I'm a terrible runner. My friends have heard about my informal standoffs with a man who runs on crutches faster than I do, or the guy who appears to be over eighty who routinely streaks by me in Hartford races, or the little kids who dash past while chatting during the Turkey Trots. I am slow. I have a pathetic stride. ("Greg," I say, "the barefoot running guy says that shortening your stride is better for you," "Julia," Greg says, "your feet are barely clearing a shuffle.") I make weird breathing sounds, talk to myself, drop my arms too low. Trust me. I'm bad.
But I have come to like it. A few times I have hit a clear runner's high and floated along a few miles without convincing myself to keep going. Mostly, running is so hard that it's an act of mediation: keep going. Keep going. Keep going. I like how hard it is, and I love that there are a thousand different ways to set goals, a thousand different achievements possible. Personal records, new races, mileage, new routes. The best thing about being bad at something is that you know you can improve a hundred times over.

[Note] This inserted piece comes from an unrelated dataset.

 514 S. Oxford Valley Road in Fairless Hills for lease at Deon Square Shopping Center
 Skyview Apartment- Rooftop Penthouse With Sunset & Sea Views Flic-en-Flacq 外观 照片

My new years' resolution was to run one race a month for the year of 2012. I've done three: a Cupid's Chase 5k, the O'Hartford 5k (winter races are so holiday-based), and the stair climb. Each time I don't really feel like going. In today's case, I didn't even want to get out of bed. But I've signed up-- I've paid, and I really should just get it done. I want to be doing longer distances; I want to be working out two or three hours a day. Of course, that's impossible. I just tell myself, "do something. Do anything. That's enough." Sometimes it ends up being just walking briskly the mile and a half to work. Sometimes it's a nine mile loop.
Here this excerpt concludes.